The original production of Stepping Out premiered in 1984 at the Thorndike Theatre, Leatherhead, directed by actress Julia McKenzie with cast: Barbara Ferris (Mavis), Sheri Shepstone (Mrs. Fraser), Charlotte Barker (Lynne), Josephine Gordon (Dorothy), Barbara Young (Maxine), Gabrielle Lloyd (Andy), Ben Aris (Geoffrey), Diane Langton (Sylvia), Peggy Phango (Rose) and Marcia Warren (Vera). A tour of the production followed. The play opened in the West End at the Duke of York's Theatre, on 24 September 1984, and ran for nearly three years until 1 July 1987. It was awarded the Evening Standard Theatre Award for Best Comedy in 1984.

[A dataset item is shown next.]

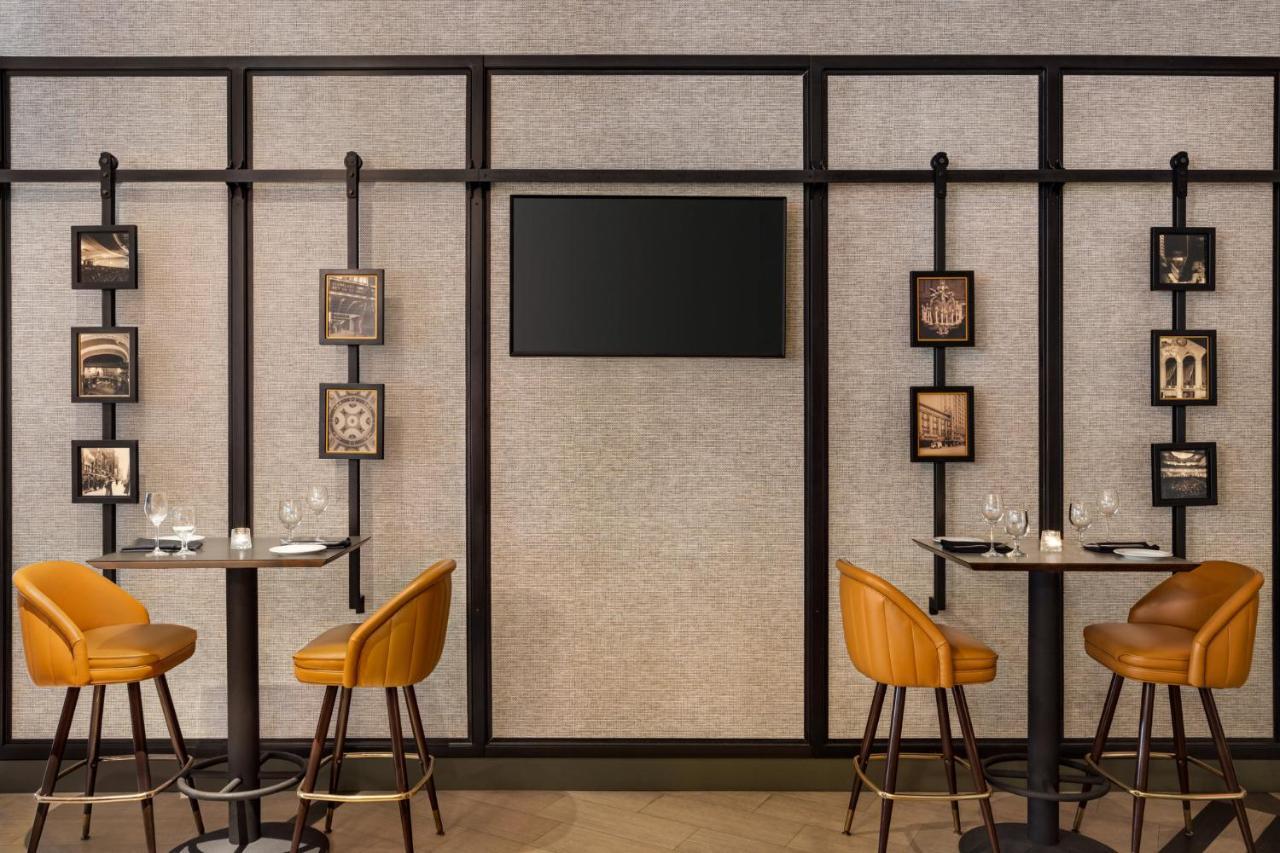 Crowne Plaza At Playhouse Square By Ihg Hotel 3*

The play has been produced internationally, and a Broadway run began in 1987, opening at the John Golden Theatre on 11 January, running for 73 performances before closing on 15 March. It was directed by Tommy Tune; the cast included Pamela Sousa, Carole Shelley, Janet Eilber, Carol Woods, Cherry Jones and Meagen Fay.

A musical version, entitled Stepping Out—The Musical, with a book by Richard Harris, lyrics by Mary Stewart-David, music by Denis King, and starring Liz Robertson, opened at the Theatre Royal, Plymouth 7, November 1996 and then, following a tour, at the Albery Theatre in London in October 1997, Bill Kenwright producing. The show has been adapted for American audiences by Astrid Ronning and Nina Seely as One Night A Week.

===Theatre tours===
2009 UK touring production

Cast: Brian Capron (Geoffrey), Jessie Wallace (Sylvia), Rosemary Ashe (Mrs Fraser), Wendy Mae Brown (Rose), Carrie Ellis (Maxine), Susie Fenwick (Vera), Katie Kerr (Lynne), Johanne Murdock (Andy), Karen Traynor (Dorothy), Lucy Williamson (Mavis), Lucy Woolliscroft (Fairy/Understudy), Ian Ganderton (Understudy), Yasmin Pettigrew (Understudy), Felicity Butler (Understudy).

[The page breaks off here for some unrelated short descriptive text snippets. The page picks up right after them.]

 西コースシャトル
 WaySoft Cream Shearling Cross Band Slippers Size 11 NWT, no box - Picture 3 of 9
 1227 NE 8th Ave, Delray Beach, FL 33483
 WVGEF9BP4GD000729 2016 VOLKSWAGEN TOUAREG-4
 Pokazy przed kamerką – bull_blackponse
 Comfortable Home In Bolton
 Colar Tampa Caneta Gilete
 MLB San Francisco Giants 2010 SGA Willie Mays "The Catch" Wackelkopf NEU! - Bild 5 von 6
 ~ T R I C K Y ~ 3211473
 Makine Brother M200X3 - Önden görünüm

2010 UK touring production

Cast: Brian Capron (Geoffrey), Anita Harris (Vera), Katie Kerr (Sylvia), Janet De Vigne (Mrs Fraser), Wendy Mae Brown (Rose), Natalie Cleverley (Maxine), Catherine Millsom (Lynne), Johanne Murdock (Andy), Karen Traynor (Dorothy), Lucy Williamson (Mavis), Lucy Woolliscroft (Fairy/Understudy), Ian Ganderton (Understudy), Liz Jadav (Understudy), Felicity Butler (Understudy).

Both tours started their runs at the Leatherhead Theatre where the play was originally performed.

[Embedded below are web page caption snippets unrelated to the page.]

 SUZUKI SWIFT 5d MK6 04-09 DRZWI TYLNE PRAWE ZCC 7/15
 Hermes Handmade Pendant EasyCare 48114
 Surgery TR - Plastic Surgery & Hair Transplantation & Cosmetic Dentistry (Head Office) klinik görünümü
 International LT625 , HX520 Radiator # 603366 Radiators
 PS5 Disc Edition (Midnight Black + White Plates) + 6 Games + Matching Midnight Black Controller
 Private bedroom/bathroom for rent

2011 – Derby Playhouse Production
Directed by Steven Dexter
Cast: Anita Louise Combe (Mavis), Rosemary Ashe (Mrs Fraser), Sophie Louise Dann (Vera), Michael Cahill (Geoffrey), Flik Swan (Andy), Kim Ismay (Sylvia)

==== 2016/17 UK tour and West End production ====
A new tour directed by Maria Friedman starred Amanda Holden (Vera), Angela Griffin (Sylvia), Tracey-Ann Oberman (Maxine), Tamzin Outhwaite (Mavis), Nicola Stephenson (Dorothy), Judith Barker (Mrs Fraser), Rose Keegan (Andy), Sandra Marvin (Rose), Jessica-Alice McCluskey (Lynne), Dominic Rowan (Geoffrey) with Janet Behan, Emma Hook, Katie Verner, Marcia Mantack and Nick Warnford as Ensemble.

The tour played 12–22 October at Theatre Royal, Bath, 24–29 October at the Richmond Theatre, 31 October – 5 November at Cambridge Arts Theatre, 8–19 November at Chichester Festival Theatre. The production then transferred to the West End at the Vaudeville Theatre from 1 March -17 June 2017.

The West End run at the Vaudeville Theatre from 1 March – 17 June 2017 starred Amanda Holden (Vera), Natalie Casey (Sylvia), Tracey-Ann Oberman (Maxine), Anna-Jane Casey (Mavis), Josefina Gabrielle (Mavis), Nicola Stephenson (Dorothy), Judith Barker (Mrs Fraser), Lesley Vickerage (Andy), Sandra Marvin (Rose), Jessica-Alice McCluskey (Lynne), Dominic Rowan (Geoffrey) with Janet Behan (understudy Andy & Mrs Fraser), Suzy Bloom (understudy Vera, Maxine & Dorothy), Emma Hook (The Medium and understudy Sylvia & Lynne), Marcia Mantack (The Wizard and understudy Rose), Katie Verner (understudy Mavis & Vera), Nick Warnford (Nigel and understudy Geoffrey).

===Film===
Stepping Out was produced as a film in 1991, directed by Lewis Gilbert, and starring Liza Minnelli, with Julie Walters who was nominated for a BAFTA Award.